This project is very new, so we'll probably revise these guidelines. Please comment on an issue before putting significant effort in if you'd like to contribute.


Building

You first need to clone the project. To build and test the project, we are using Cargo.

To build all of the crates in the project use:

cargo build

To run tests use:

# Run tests for everything.
cargo test --all

# Run tests for just the query-algebrizer folder (specify the crate, not the folder),
# printing debug output.
cargo test -p mentat_query_algebrizer -- --nocapture

For most cargo commands you can pass the -p argument to run the command just on that package. So, cargo build -p mentat_query_algebrizer will build just the "query-algebrizer" folder.
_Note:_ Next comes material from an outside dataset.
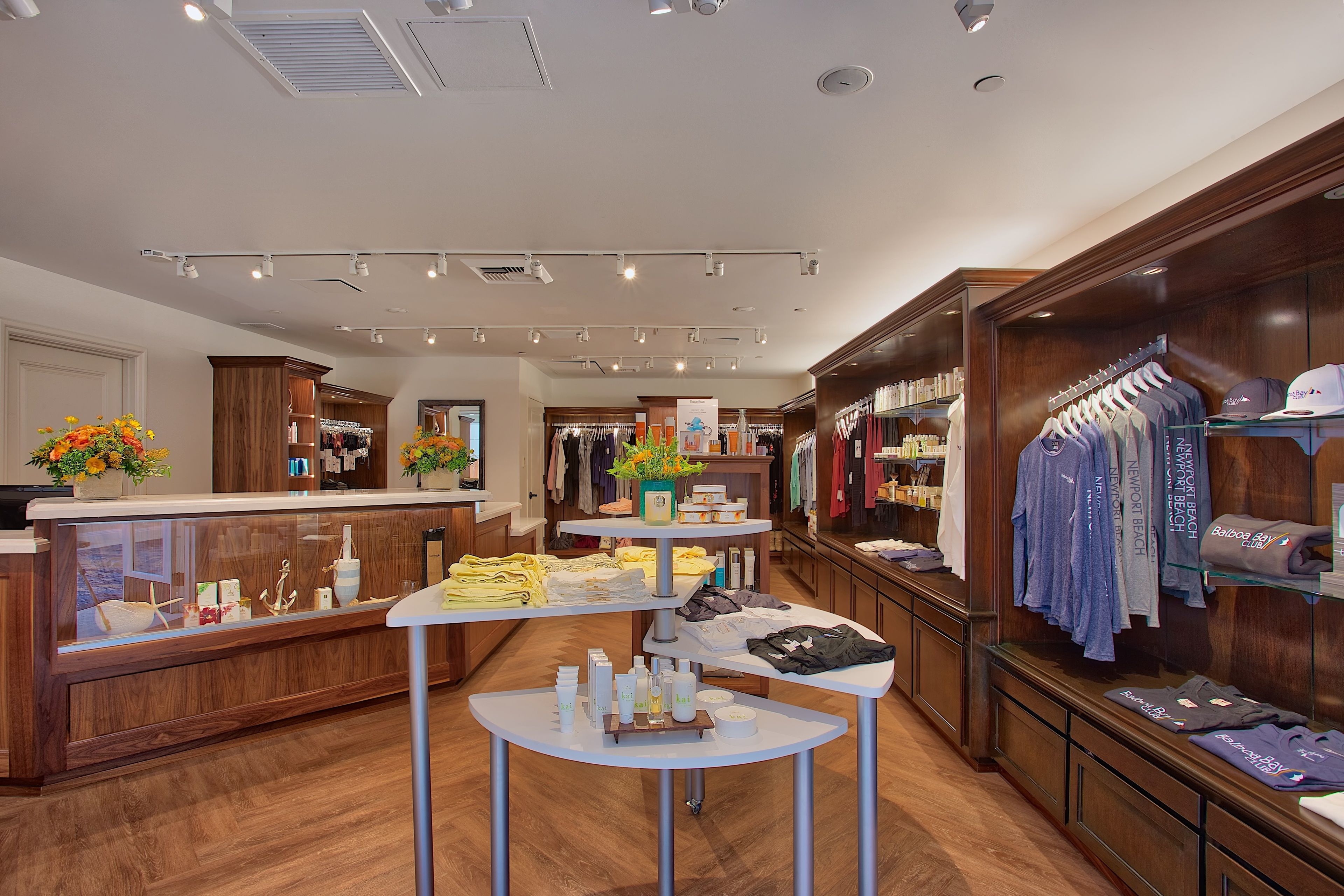 A well-lit retail store with wooden display counters and shelves, featuring clothing and accessories.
What are all of these crates?

We use multiple sub-crates for Mentat for four reasons:

  1. To improve incremental build times.
  2. To encourage encapsulation; writing extern crate feels worse than just use mod.
  3. To simplify the creation of targets that don't use certain features: e.g., a build with no syncing, or with no query system.
  4. To allow for reuse (e.g., the EDN parser is essentially a separate library).

So what are they?

Building blocks

edn

Our EDN parser. It uses rust-peg to parse EDN, which is Clojure/Datomic's richer alternative to JSON. edn's dependencies are all either for representing rich values (chrono, uuid, ordered-float) or for parsing (serde, peg).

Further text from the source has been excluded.